This Is Who We Are
We were born in a 49-state America, which is kinda cool, although we didn’t really think about it until recently. You’d think there’d be some notice of 49-star babies, some passing human-interest piece on a slow news day, something exploring our sliver of a Unique Perspective, but that’s what you get when you’re wedged between Boomers and GenX. You get ignored.
Our perspective, as it happens, is that of growing up in America during the Sixties and Seventies, of JFK and RFK and MLK, of Vietnam and Nixon, of gas shortages and pollution. When nostalgia became pop culture, it was for happy days we had never known. Except in reruns.
And when America’s truths became known, we watched everyone run away from them as fast as they could.
Vietnam was a Bad War. We were the Bad Guys. This is something you can accept, growing up with it. You can also accept that the white kids on college deferments were sheer assholes to the poor schmucks who couldn’t buy their way out of it. We were too young to have a stake in Our Exceptional Nation’s Pride, but we were there for The Reckoning, which lasted until a hockey victory gave rise to chants of “USA! USA!” that continue to this day. That wasn’t patriotism, we could have told you, that was desperation. Which also has lasted to this day.
That was 1980. We were in college. A couple years before, there were protests on campus, students wearing sheets of paper over their faces. They were Iranian. They were protesting the Shah. The paper was to conceal their identities from Savak, the Shah’s secret police.
America had put the Shah in power in 1953. The CIA had helped create Savak. We, as a nation, were complicit in the oppression the students were protesting. We did it for oil.
And then the Shah was overthrown, diplomatic hostages were taken, Ted Koppel made his bones whipping the country into a nightly frenzy, USA-USA, and Ronald Reagan changed the subject.
It can be argued that Reagan was elected because Americans — well, white Americans — grew tired of hearing what assholes we were. We had something of a brief Truth & Reconciliation moment in the Seventies, but that hadn’t gone well. J. Edgar Hoover’s lifetime of misdeeds had been revealed, Frank Church‘s Senate Committee had exposed uncomfortable truths about CIA meddling in other nations. We, as a nation, had caused a lot of grief. Also, deaths.
We caused a lot of grief and death in the Eighties, too. In the midst of all the sadness and slaughter, Peggy Noonan put some words in her candidate’s mouth, poetic words, inspirational words, words that would help us ignore the things we had done and were doing as a nation, words that would help us turn away from truth:
America was a “shining city on a hill”.
It wasn’t true then, or now. It wasn’t true when JFK dropped the same John Winthrop line in 1960, a year after our 49-state birth, not with Jim Crow still the law of a substantial part of the land. It wasn’t true with Nixon’s dog-whistling Southern Strategy, it wasn’t true with Racism by Other Means being waged through the War on Crime and War on Drugs.

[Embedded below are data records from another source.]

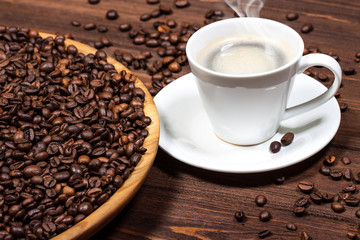 A cup of coffee on a wooden table. Coffee beans in a large dish.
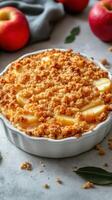 Homemade apple crisp dessert topped with golden crumble, ready for serving in a cozy kitchen setting photo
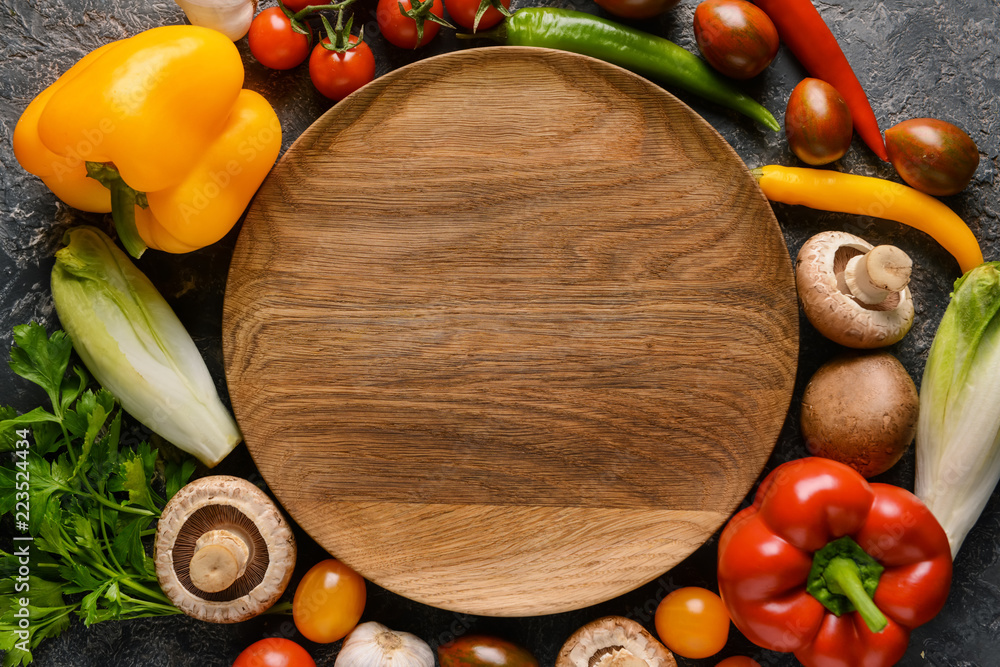 Flat lay composition with fresh vegetables and tray on dark background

And it certainly isn’t true when we watch our children being slaughtered by weapons of mass destruction, and do nothing about it.
America is a shithole country. It’s been a shithole country since long before we were born. If you haven’t noticed, congratulations! You’re white. And male. Blessed be the fruit.
There’s a line that’s been going around the past week, a line of shock and disbelief, a line you hear accompanying reports of what we do to families — especially children — seeking asylum at our border:
“This is not who we are.”
This is certainly not who we believed we were, those of us who have enjoyed the luxury of living their lives in complete ignorance of what we do, what we’ve done, what we’ve always done, to people who are not us, not white, not male, not wealthy. We’ve turned our heads, looked away, preferred the sweet music to the discordant reality, preferred to yearn for a past that never was instead of working toward a future that can be better.
This is who we are. This is what we’ve done. We reward the people who do it for us. And then we act surprised when they do it.